◆ Activity
Output every line below as it stands, dropping only the images.

◆ Given data

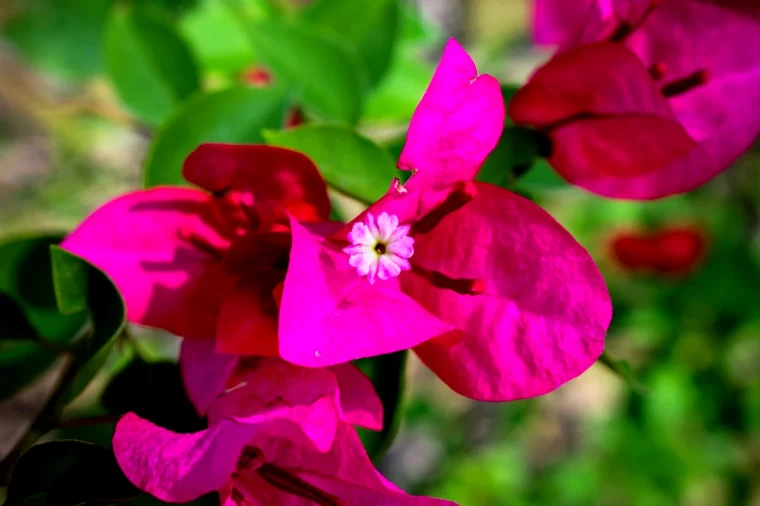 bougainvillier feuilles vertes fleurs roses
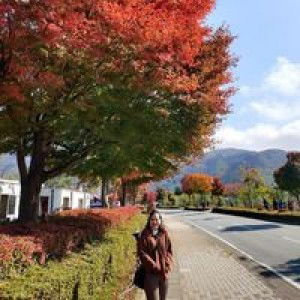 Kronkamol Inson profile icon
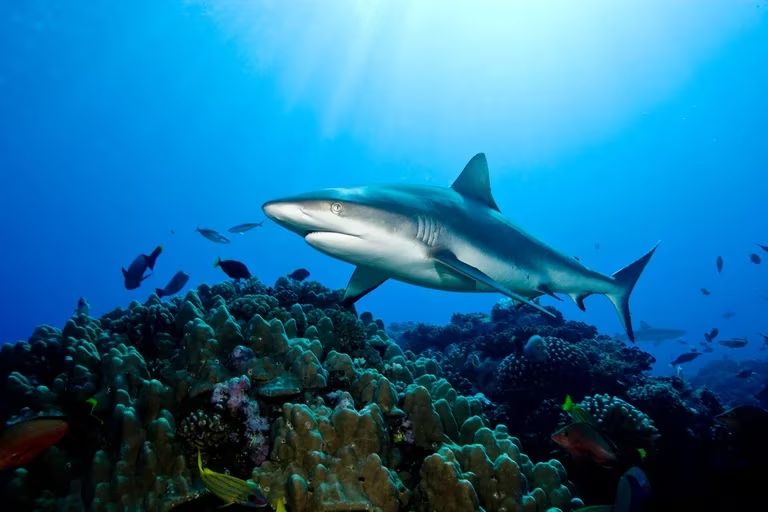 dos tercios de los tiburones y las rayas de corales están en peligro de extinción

◆ Reply to the task
 bougainvillier feuilles vertes fleurs roses
 Kronkamol Inson profile icon
 dos tercios de los tiburones y las rayas de corales están en peligro de extinción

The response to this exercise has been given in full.